● **ABOUT THIS EXERCISE**
Search the listing below for the line containing "Fernando Botero - The". From there through the line containing "Kids Solid Wood", transcribe every line exactly, both ends included.

● **DATASET EXCERPTS**
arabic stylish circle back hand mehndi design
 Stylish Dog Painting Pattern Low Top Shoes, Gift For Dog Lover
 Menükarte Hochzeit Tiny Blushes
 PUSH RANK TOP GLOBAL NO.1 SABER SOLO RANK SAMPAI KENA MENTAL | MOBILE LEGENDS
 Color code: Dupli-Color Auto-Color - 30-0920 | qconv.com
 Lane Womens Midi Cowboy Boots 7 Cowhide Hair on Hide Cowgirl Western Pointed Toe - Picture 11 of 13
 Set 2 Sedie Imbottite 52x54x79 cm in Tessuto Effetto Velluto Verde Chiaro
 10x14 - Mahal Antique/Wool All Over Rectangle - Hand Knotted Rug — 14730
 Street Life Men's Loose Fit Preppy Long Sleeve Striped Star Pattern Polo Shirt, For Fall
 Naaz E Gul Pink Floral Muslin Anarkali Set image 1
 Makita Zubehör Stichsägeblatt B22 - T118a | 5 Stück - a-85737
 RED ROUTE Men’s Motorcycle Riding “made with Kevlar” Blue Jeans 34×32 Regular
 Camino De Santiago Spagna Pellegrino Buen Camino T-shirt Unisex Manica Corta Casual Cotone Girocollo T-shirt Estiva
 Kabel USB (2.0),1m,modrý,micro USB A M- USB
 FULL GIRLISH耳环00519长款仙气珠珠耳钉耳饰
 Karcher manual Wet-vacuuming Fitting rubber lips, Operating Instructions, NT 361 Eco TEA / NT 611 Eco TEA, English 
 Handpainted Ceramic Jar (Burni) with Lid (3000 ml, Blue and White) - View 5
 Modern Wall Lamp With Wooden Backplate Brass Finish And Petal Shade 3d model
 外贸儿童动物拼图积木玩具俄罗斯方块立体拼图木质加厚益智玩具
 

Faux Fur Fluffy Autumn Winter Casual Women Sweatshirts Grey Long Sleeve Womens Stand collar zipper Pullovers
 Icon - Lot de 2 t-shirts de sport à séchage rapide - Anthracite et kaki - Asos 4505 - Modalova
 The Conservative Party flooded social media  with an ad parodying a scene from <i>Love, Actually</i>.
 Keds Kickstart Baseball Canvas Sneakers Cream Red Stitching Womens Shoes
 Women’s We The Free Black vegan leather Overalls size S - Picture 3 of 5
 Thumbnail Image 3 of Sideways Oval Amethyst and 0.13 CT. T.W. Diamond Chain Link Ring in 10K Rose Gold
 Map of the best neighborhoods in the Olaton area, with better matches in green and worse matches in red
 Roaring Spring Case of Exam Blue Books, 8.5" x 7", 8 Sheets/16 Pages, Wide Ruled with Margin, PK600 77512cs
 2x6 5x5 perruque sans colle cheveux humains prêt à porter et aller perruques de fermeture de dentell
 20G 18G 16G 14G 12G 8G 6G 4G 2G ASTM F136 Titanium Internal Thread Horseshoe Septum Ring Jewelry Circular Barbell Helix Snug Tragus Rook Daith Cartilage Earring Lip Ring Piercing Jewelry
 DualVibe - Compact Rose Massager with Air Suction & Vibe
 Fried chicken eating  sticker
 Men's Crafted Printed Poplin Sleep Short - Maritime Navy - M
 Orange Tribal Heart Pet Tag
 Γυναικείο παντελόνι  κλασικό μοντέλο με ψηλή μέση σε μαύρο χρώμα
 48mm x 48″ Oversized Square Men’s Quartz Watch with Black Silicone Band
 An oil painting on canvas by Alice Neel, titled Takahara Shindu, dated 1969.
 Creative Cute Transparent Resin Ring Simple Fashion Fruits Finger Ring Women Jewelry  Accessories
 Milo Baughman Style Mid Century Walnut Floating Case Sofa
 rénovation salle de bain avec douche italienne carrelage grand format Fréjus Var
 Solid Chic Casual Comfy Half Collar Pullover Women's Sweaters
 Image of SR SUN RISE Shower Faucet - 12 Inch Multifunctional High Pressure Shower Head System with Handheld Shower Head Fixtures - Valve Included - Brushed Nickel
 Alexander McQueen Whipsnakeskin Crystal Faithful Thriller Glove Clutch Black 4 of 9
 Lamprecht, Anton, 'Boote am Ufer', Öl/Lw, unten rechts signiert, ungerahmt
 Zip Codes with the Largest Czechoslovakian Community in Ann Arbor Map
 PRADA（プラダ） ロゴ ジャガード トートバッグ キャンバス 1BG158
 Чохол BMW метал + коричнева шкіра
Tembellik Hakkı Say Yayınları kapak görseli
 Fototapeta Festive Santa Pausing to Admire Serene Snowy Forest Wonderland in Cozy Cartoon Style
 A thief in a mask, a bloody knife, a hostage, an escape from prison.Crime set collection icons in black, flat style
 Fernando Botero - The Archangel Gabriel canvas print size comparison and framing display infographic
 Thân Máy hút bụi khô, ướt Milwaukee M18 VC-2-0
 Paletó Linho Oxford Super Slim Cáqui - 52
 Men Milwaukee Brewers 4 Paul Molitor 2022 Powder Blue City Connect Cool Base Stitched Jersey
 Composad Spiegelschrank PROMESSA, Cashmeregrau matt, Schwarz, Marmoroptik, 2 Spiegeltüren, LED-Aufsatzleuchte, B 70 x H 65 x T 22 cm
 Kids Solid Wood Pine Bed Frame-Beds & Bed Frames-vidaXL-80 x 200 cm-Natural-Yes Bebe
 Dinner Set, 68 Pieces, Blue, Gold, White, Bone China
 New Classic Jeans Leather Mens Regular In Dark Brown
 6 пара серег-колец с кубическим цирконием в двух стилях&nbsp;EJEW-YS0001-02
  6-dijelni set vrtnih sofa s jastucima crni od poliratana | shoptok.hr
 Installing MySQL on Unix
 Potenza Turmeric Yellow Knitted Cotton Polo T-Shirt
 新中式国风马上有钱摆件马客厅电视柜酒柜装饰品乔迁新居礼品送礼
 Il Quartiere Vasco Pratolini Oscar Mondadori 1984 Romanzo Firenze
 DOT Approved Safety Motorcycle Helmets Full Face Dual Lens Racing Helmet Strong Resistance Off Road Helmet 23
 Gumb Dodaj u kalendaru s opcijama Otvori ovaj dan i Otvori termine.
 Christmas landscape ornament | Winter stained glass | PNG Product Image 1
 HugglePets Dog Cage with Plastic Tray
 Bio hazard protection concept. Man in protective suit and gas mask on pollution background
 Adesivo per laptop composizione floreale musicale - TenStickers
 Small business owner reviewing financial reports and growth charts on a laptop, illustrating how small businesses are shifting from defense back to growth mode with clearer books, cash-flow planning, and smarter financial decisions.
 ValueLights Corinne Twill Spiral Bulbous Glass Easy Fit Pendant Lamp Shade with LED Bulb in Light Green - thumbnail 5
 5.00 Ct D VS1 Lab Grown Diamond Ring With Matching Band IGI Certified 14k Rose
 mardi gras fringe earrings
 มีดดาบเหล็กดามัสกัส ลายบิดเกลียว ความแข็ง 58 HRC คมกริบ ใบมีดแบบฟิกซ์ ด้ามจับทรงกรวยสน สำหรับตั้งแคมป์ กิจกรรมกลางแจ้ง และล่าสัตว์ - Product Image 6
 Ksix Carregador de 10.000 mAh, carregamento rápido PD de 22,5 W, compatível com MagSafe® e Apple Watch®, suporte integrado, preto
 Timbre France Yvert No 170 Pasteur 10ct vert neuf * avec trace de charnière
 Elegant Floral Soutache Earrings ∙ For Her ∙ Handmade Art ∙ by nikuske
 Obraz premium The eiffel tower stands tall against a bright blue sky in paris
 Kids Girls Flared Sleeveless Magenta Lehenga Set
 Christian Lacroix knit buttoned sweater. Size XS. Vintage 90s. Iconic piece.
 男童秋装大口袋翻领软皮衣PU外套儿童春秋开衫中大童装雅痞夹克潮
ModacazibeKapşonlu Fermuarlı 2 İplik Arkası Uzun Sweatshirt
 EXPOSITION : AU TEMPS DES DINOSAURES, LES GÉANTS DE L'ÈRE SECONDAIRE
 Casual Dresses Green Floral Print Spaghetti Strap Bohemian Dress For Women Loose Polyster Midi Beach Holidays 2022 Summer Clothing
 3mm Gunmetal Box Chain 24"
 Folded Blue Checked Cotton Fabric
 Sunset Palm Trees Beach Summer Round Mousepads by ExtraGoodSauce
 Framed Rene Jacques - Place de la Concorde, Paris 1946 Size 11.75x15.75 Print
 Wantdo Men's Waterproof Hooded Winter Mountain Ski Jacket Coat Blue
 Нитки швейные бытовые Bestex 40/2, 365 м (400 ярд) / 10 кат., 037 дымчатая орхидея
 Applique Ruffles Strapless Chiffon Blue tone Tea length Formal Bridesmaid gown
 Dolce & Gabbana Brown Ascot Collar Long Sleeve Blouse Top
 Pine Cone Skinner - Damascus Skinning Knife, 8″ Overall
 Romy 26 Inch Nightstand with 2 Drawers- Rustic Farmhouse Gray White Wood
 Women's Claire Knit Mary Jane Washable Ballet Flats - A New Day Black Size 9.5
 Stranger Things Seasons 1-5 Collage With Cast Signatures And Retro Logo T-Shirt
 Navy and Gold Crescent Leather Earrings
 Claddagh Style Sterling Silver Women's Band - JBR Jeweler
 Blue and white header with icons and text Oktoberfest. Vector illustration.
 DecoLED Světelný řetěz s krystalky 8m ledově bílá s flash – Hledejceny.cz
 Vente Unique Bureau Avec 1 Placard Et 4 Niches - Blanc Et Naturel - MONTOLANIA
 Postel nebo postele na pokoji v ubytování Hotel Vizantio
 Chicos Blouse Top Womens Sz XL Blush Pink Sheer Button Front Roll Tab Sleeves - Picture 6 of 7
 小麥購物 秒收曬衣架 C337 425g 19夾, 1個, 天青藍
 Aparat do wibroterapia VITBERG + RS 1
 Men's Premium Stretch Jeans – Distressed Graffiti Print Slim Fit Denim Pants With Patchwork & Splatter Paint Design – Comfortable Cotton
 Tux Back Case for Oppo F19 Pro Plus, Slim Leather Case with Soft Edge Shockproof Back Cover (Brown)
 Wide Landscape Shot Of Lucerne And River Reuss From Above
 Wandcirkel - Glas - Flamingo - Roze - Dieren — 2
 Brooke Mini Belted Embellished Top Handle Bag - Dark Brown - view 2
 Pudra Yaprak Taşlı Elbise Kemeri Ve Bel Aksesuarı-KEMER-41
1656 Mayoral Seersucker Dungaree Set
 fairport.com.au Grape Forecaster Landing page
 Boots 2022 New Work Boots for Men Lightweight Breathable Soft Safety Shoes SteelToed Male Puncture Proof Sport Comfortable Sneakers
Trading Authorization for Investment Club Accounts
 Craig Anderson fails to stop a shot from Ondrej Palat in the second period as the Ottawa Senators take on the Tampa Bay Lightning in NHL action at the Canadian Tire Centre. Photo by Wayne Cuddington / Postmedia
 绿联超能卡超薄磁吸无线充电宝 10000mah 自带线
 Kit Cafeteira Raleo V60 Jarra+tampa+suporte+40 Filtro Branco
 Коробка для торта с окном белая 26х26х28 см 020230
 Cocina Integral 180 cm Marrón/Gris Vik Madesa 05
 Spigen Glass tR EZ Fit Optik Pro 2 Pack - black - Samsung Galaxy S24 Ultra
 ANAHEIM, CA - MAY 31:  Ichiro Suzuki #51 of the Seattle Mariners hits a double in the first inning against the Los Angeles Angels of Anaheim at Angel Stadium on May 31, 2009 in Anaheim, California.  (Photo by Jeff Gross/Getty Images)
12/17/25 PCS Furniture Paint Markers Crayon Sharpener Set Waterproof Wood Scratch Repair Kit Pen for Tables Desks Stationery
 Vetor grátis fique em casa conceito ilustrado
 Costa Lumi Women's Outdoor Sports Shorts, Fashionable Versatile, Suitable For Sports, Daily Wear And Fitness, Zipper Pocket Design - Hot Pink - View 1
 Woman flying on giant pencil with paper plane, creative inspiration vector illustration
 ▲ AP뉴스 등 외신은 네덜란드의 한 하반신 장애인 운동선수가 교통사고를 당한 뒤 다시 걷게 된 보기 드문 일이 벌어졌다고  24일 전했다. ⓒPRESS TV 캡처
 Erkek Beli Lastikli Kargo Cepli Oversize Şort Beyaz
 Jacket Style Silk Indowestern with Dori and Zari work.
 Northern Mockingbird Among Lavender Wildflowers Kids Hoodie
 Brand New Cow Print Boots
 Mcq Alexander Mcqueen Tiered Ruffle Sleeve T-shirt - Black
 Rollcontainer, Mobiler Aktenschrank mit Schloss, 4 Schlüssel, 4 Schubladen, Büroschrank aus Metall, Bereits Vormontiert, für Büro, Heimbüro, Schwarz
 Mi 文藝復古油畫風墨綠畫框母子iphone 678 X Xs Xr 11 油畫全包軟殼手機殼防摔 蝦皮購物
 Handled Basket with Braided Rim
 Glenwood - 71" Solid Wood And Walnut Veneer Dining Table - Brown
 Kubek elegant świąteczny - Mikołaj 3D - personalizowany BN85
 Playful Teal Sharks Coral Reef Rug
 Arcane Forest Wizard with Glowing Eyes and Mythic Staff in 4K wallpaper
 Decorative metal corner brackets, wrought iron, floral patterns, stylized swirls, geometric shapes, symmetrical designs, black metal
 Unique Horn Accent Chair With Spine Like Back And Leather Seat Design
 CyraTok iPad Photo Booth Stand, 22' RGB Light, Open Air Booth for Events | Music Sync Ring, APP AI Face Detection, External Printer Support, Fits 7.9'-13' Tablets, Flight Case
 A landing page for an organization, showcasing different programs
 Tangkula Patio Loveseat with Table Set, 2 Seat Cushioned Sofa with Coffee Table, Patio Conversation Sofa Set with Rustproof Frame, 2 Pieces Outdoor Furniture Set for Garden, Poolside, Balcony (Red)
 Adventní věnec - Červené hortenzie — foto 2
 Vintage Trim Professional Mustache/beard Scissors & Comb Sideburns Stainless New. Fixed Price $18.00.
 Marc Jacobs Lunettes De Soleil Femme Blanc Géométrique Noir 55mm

● **RESPONSE TO THE EXERCISE**
 Fernando Botero - The Archangel Gabriel canvas print size comparison and framing display infographic
 Thân Máy hút bụi khô, ướt Milwaukee M18 VC-2-0
 Paletó Linho Oxford Super Slim Cáqui - 52
 Men Milwaukee Brewers 4 Paul Molitor 2022 Powder Blue City Connect Cool Base Stitched Jersey
 Composad Spiegelschrank PROMESSA, Cashmeregrau matt, Schwarz, Marmoroptik, 2 Spiegeltüren, LED-Aufsatzleuchte, B 70 x H 65 x T 22 cm
 Kids Solid Wood Pine Bed Frame-Beds & Bed Frames-vidaXL-80 x 200 cm-Natural-Yes Bebe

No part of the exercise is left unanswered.